(Extracted data begins)

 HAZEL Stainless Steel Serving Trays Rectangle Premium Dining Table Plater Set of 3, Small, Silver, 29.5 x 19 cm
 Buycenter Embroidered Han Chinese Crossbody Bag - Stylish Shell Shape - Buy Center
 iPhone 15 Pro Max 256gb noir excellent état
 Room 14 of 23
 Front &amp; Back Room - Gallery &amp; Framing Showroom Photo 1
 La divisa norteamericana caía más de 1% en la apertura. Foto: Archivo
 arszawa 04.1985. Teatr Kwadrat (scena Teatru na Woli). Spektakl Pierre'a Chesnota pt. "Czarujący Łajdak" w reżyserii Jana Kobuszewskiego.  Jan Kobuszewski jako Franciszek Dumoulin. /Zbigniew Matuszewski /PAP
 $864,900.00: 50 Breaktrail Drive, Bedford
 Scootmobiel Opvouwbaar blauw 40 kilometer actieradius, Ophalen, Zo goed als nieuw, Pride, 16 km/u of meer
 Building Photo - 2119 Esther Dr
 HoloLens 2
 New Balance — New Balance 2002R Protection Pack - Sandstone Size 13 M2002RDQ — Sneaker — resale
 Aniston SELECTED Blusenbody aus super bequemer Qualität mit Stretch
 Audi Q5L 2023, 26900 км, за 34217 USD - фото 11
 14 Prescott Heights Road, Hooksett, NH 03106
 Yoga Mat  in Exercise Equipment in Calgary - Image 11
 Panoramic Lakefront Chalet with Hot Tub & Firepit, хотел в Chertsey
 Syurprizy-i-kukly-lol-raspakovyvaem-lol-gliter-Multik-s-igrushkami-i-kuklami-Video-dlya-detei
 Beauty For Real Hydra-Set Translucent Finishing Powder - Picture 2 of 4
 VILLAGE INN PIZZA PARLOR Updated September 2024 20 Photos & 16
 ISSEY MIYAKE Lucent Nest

(Extracted data ends)

**Task prompt**
Each line from the top of the material above through the line with "Front &amp; Back" must be echoed exactly, and no other line.

**Written response**
 HAZEL Stainless Steel Serving Trays Rectangle Premium Dining Table Plater Set of 3, Small, Silver, 29.5 x 19 cm
 Buycenter Embroidered Han Chinese Crossbody Bag - Stylish Shell Shape - Buy Center
 iPhone 15 Pro Max 256gb noir excellent état
 Room 14 of 23
 Front &amp; Back Room - Gallery &amp; Framing Showroom Photo 1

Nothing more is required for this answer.